На следующий день нам выдают сыр. Каждый получает почти по четверти головки. С одной стороны это хорошо, потому что сыр — вкусная штука, но с другой стороны это плохо, так как до сих пор эти большие красные шары всегда были признаком того, что нам предстоит попасть в переплет. После того как нам выдали еще и водку, у нас стало еще больше оснований ждать беды. Выпить-то мы ее выпили, но все-таки при этом нам было не по себе.
Весь день мы соревнуемся в стрельбе по крысам и слоняемся как неприкаянные. Нам пополняют запасы патронов и ручных гранат. Штыки мы осматриваем сами. Дело в том, что у некоторых штыков на спинке лезвия есть зубья, как у пилы. Если кто-нибудь из наших попадется на той стороне с такой штуковиной, ему не миновать расправы. На соседнем участке были обнаружены трупы наших солдат, которых недосчитались после боя; им отрезали этой пилой уши и выкололи глаза. Затем им набили опилками рот и нос, так что они задохнулись.
У некоторых новобранцев есть еще штыки этого образца; эти штыки мы у них отбираем и достаем для них другие.
Впрочем, штык во многом утратил свое значение. Теперь пошла новая мода ходить в атаку: некоторые берут с собой только ручные гранаты и лопату. Отточенная лопата — более легкое и универсальное оружие, ею можно не только тыкать снизу, под подбородок, ею прежде всего можно рубить наотмашь. Удар получается более увесистый, особенно если нанести его сбоку, под углом, между плечом и шеей; тогда легко можно рассечь человека до самой груди. Когда колешь штыком, он часто застревает; чтобы его вытащить, нужно с силой упереться ногой в живот противника, а тем временем тебя самого свободно могут угостить штыком. К тому же он иногда еще и обламывается.

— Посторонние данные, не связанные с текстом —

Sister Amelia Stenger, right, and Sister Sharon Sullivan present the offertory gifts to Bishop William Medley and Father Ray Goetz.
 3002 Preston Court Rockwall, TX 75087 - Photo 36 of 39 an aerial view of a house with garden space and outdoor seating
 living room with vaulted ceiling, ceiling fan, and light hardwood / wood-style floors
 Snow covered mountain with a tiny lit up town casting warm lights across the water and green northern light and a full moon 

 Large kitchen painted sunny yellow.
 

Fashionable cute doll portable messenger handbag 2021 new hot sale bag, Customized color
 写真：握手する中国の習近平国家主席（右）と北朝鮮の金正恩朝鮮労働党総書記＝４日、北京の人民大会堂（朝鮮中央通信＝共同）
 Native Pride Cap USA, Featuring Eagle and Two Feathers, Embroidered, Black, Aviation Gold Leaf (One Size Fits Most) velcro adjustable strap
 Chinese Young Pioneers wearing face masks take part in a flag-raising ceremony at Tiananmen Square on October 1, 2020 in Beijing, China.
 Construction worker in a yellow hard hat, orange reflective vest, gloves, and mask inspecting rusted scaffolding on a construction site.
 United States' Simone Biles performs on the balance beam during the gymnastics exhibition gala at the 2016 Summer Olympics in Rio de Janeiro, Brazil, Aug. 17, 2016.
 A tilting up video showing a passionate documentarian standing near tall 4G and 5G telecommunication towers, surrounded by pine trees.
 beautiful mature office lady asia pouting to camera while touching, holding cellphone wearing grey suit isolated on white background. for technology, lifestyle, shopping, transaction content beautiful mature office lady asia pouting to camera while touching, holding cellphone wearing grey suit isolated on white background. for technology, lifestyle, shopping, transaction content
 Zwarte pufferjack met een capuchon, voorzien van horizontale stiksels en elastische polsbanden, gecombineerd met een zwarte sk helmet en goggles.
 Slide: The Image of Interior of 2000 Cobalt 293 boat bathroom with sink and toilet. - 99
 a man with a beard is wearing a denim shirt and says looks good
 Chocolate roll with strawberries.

Ночью на наши окопы пускают газ. Мы ждем атаки и, приготовившись отбить ее, лежим в противогазах, готовые сбросить их, как только перед нами вынырнет силуэт первого солдата.
Но вот уже начинает светать, а у нас все по-прежнему спокойно. Только с тыловых дорог по ту сторону фронта все еще доносится этот изматывающий нервы гул. Поезда, поезда, машины, машины, — куда только стягивают все это? Наша артиллерия все время бьет в том направлении, но гул не смолкает, он все еще не смолкает…
У нас усталые лица, мы не глядим друг на друга.
— Опять будет то же самое, как в тот раз на Сомме; там нас после этого семь суток держали под ураганным огнем, — мрачно говорит Кат.